_Task description_:
Reproduce exactly only the lines from the line that holds "Stylish Summer Quick" to the line that holds "Carlige Maver Seria", inclusive, in the listing below, and please leave out every picture.

Data for the task Block Start

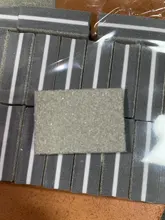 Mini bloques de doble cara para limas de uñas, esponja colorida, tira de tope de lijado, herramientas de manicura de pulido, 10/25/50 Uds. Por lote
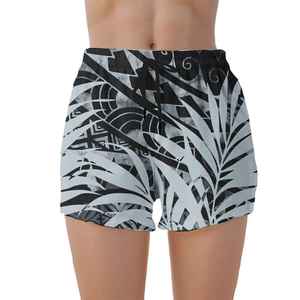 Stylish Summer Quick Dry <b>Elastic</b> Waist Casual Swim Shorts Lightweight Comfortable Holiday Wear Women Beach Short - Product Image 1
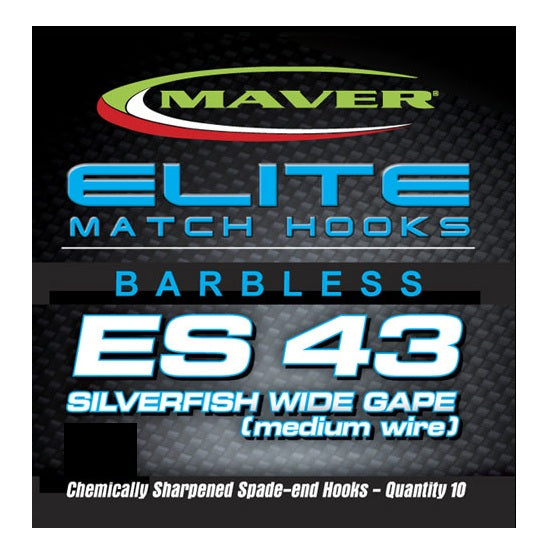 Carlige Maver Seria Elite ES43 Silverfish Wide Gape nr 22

Data for the task Block End
Data for the task Block Start

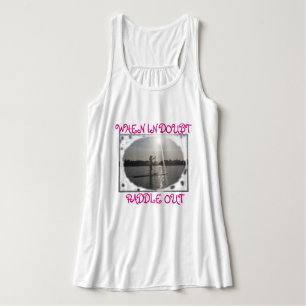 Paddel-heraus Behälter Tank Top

Data for the task Block End
Data for the task Block Start

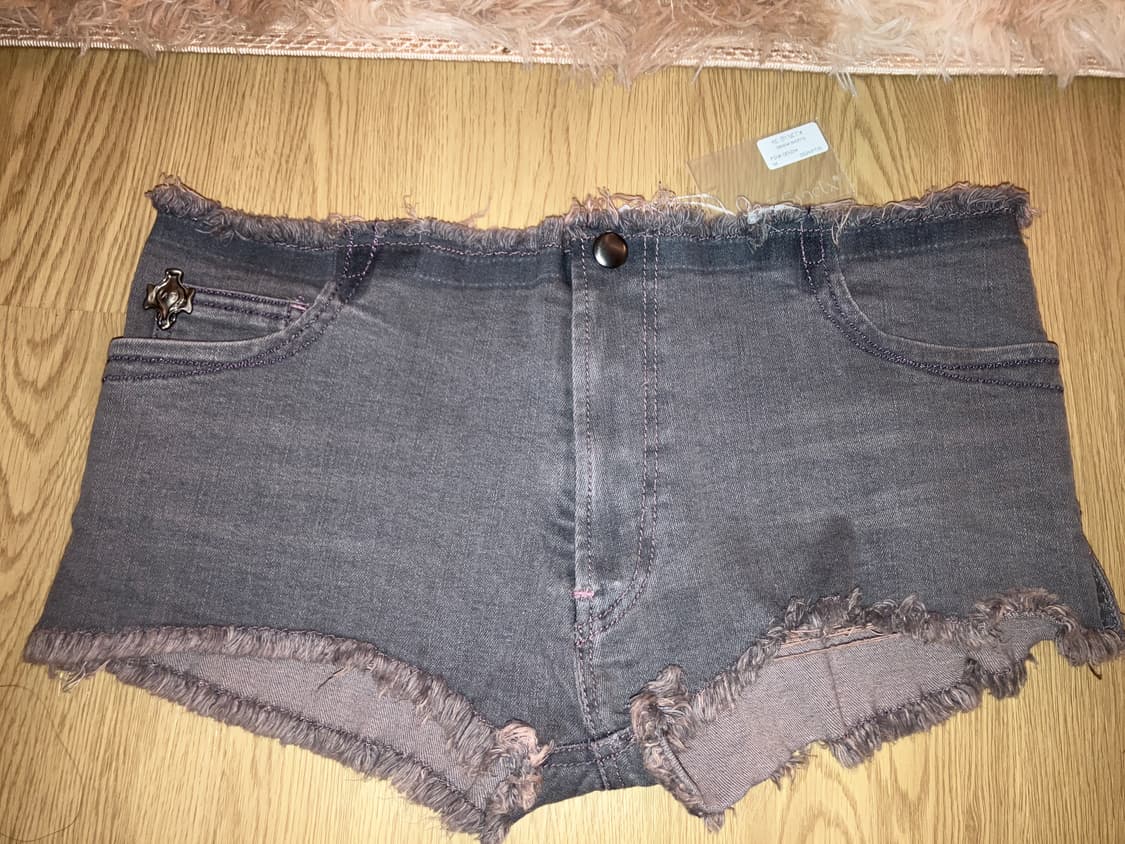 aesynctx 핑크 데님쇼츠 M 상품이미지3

Data for the task Block End

_Task result_:
 Stylish Summer Quick Dry <b>Elastic</b> Waist Casual Swim Shorts Lightweight Comfortable Holiday Wear Women Beach Short - Product Image 1
 Carlige Maver Seria Elite ES43 Silverfish Wide Gape nr 22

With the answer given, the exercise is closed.